Use rabbitmq for queueing #169

mayhem · 2017-04-24T13:01:00Z

This PR swaps out the Redis-pubsub for a proper, less memory hungry, queue. I chose RabbitMQ since we already use that in production. This PR are improves the error handling and resilience of the writer containers and pausing on startup if a service isn't available yet.

New redis keys were needed to keep track of queue stats, so I created a new redis_keys.py module for the purpose of having a central place to track redis keys.

The per-user listen counts have a bug in them in this PR, but I am already working on an improved PR for counting user and total listens using influxdb's continuous queries that make things like counting listens much easier.

…a lot of error handling still needs to be added.

…nt, improve error handling

…nd and exiting, so that the new container can give the right defs

…into rabbitmq

paramsingh · 2017-04-24T15:00:32Z

bigquery-writer/bigquery-writer.py

+                self.connection = pika.BlockingConnection(pika.ConnectionParameters(host=config.RABBITMQ_HOST, port=config.RABBITMQ_PORT))
+                break
+            except Exception as e:
+                self.log.error("Cannot connect to rabbitmq: %s, sleeping 2 seconds")


Seems like you forgot to add the error message here.

Good catch.

paramsingh · 2017-04-24T15:01:17Z

All tests pass, looks good to me. 👍

gentlecat · 2017-04-25T12:09:38Z

bigquery-writer/bigquery-writer.py

+                self.connection = pika.BlockingConnection(pika.ConnectionParameters(host=config.RABBITMQ_HOST, port=config.RABBITMQ_PORT))
+                break
+            except Exception as e:
+                self.log.error("Cannot connect to rabbitmq: %s, sleeping 2 seconds" % str(e))

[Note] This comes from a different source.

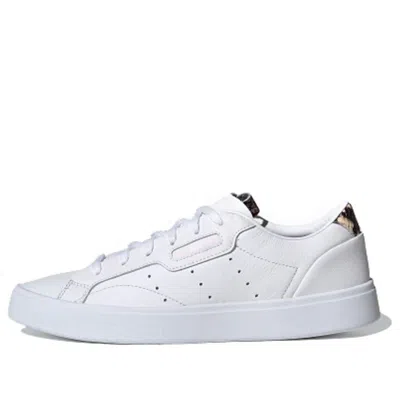 Adidas Originals (wmns)  Sleek Skate Shoes 'white Brown'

retrying in 2 secondsmight be a more useful message.

In other places too.

gentlecat · 2017-04-25T12:11:40Z

bigquery-writer/bigquery-writer.py

+        return obj.callback(ch, method, properties, body)
+
+
+    def callback(self, ch, method, properties, body):


Both ch and properties arguments are unused.

gentlecat · 2017-04-25T12:15:10Z

bigquery-writer/bigquery-writer.py

+
+
+    @staticmethod
+    def static_callback(ch, method, properties, body, obj):


It might be better to make obj a first argument since it's the most important in the context of this method. The rest can be passed as keyword arguments without the need to explicitly specify them. These can be inferred from the callback method.

This is callback called by pika -- I can't change the signature of the callback.

Assuming it's the one in the start below, it can probably be modified like this:

self.channel.basic_consume( lambda ch, method, properties, body: self.static_callback(self, ch, method, properties, body), queue='unique' )

(haven't tested it)

gentlecat · 2017-04-25T12:23:09Z

influx-writer/influx-writer.py

-class InfluxWriterSubscriber(RedisPubSubSubscriber):
-    def __init__(self, ls, influx, redis):
-        RedisPubSubSubscriber.__init__(self, redis, KEYSPACE_NAME_INCOMING, __name__)
+class InfluxWriterSubscriber(object):


I see that InfluxWriterSubscriber and BigQueryWriter have some common methods related to writing. Having an abstract ListenWriter class can be useful.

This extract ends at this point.